> [Problem statement]: The data below holds a line containing "Imagen de un" and a line containing "Metallinen lampunvarjostin Yöpöytävalaisin"; please quote exactly those two lines and every line between them, and nothing else.

> [Information supplied]:
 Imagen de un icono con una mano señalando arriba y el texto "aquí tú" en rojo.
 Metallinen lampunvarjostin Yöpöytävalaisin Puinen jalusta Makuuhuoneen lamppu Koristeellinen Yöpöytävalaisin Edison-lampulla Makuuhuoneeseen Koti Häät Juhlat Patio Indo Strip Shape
...
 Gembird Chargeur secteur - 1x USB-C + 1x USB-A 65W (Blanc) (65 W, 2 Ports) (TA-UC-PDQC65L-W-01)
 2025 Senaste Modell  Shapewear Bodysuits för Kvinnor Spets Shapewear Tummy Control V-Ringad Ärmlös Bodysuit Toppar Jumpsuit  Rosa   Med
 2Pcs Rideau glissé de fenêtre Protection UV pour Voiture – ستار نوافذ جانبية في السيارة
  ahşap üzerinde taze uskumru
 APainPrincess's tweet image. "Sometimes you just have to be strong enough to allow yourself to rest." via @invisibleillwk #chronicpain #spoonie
...
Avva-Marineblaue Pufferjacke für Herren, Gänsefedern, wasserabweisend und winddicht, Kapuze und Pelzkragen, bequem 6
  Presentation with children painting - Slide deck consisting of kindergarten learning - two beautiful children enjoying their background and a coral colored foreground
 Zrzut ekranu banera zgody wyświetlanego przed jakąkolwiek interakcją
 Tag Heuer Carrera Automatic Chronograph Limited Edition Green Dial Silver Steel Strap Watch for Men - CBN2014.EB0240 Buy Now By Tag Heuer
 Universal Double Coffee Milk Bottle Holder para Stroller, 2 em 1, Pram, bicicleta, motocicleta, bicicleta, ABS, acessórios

> [Answer below]:
 Imagen de un icono con una mano señalando arriba y el texto "aquí tú" en rojo.
 Metallinen lampunvarjostin Yöpöytävalaisin Puinen jalusta Makuuhuoneen lamppu Koristeellinen Yöpöytävalaisin Edison-lampulla Makuuhuoneeseen Koti Häät Juhlat Patio Indo Strip Shape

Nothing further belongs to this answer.